About three years before Mom died, I was visiting her alone. I was pregnant with my third child, and it was a difficult and dangerous pregnancy. We had been diagnosed with complete placenta previa. The placenta’s position not only prevented my daughter’s natural exit, but it also lay right along the line where the C-section to deliver her would occur. To be safe, the kids and I would have to move closer to the hospital for the last months of pregnancy. I would not be able to make the half-hour drive north to visit my Mom for quite a while. Mom had not spoken for over a year at this point. Her contractured body lay in a reclining chair, and her eyes gazed at some spot fixed near the window, as I began to speak to her. I took her hand in mine as I began to relay the situation. I explained: “Mom, I’m having trouble with the baby. I’m going to miss visiting you, but for few months I’m going to have to move to be close to the hospital. Dad will still come every day, but I can’t be here for a while. It’s going to be o.k. I’ll be back, but not for a little bit. I love you Mom.” As I spoke,. Mom began to cry. I was startled; I hadn’t seen any emotion from her in years. I thought I was upsetting her. So I gave her a hug and a kiss, blessed her with holy water, and said, “Mom, I am so sorry I upset you. I’ll go now so you can rest.” I will never forget her response. As I walked to the door- this lovely lady who had not recognized nor spoken to me for years, turned her head, and with every ounce of strength called me by name and said: “I love you too.” With tears streaming I hugged her, and held her, as we both cried.

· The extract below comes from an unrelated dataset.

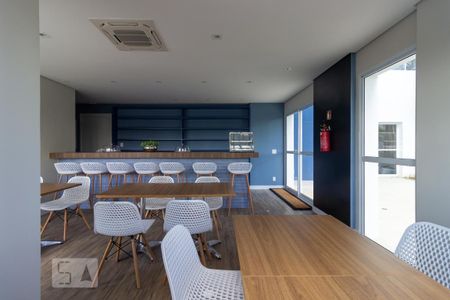 Apartamento para alugar com 63m², 2 quartos e 2 vagas Apartamento para alugar com 63m², 2 quartos e 2 vagasÁrea Comum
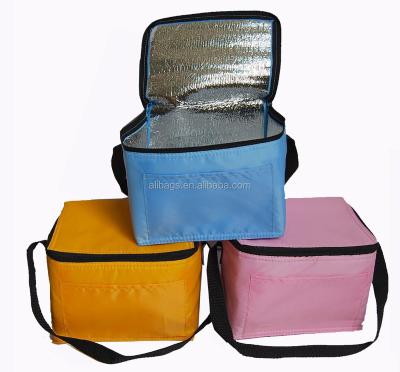 China Food China Chef Factory Promotional Thermal Lined Cooler Bag for sale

Those were the last words Mom ever spoke to me, for she would die about two and half years later. After my daughter’s safe delivery, we returned to our schedule of frequent visits. While in the nursing home, Mom held each of my then four children in their Baptismal gowns. There were many, many Culver’s shakes, and walks in the garden. I knew that even if she did not physically respond, the sight and sound of children laughing and warmth of their caress were balm to her aching heart. As it is rooted in the Love of God, a mother’s love is truly eternal. Beginning with the gift of life, my Mom had given me so much. I sought to return her love in the abundance that it had freely been given to me. Mom remained a part of each family celebration each Christmas, Easter, birthday, anniversary, etc. was spent in joy by her side. Each day is a gift, and a mother’s love is a treasure.
On this Mother’s Day, I pray that now that she is on the other side of eternity and that her joy is complete. I pray that in the love and mercy of God that Mom is truly rewarded for the years of devotion and self-sacrifice. I pray that I can be the kind of mother she was to me. I pray that Mom stands beside Mary, the Queen of Heaven, to whom she was so deeply devoted, in adoration of Our Lord and Savior, Jesus Christ. I pray that wrapped in His tender embrace, she prays for her loving family, so that one day, we may together enjoy the eternity of Paradise.
May Our Dear Lord, and His beloved Mother bless you and yours with the abundance He has blessed us. Happy Mother’s Day 2012.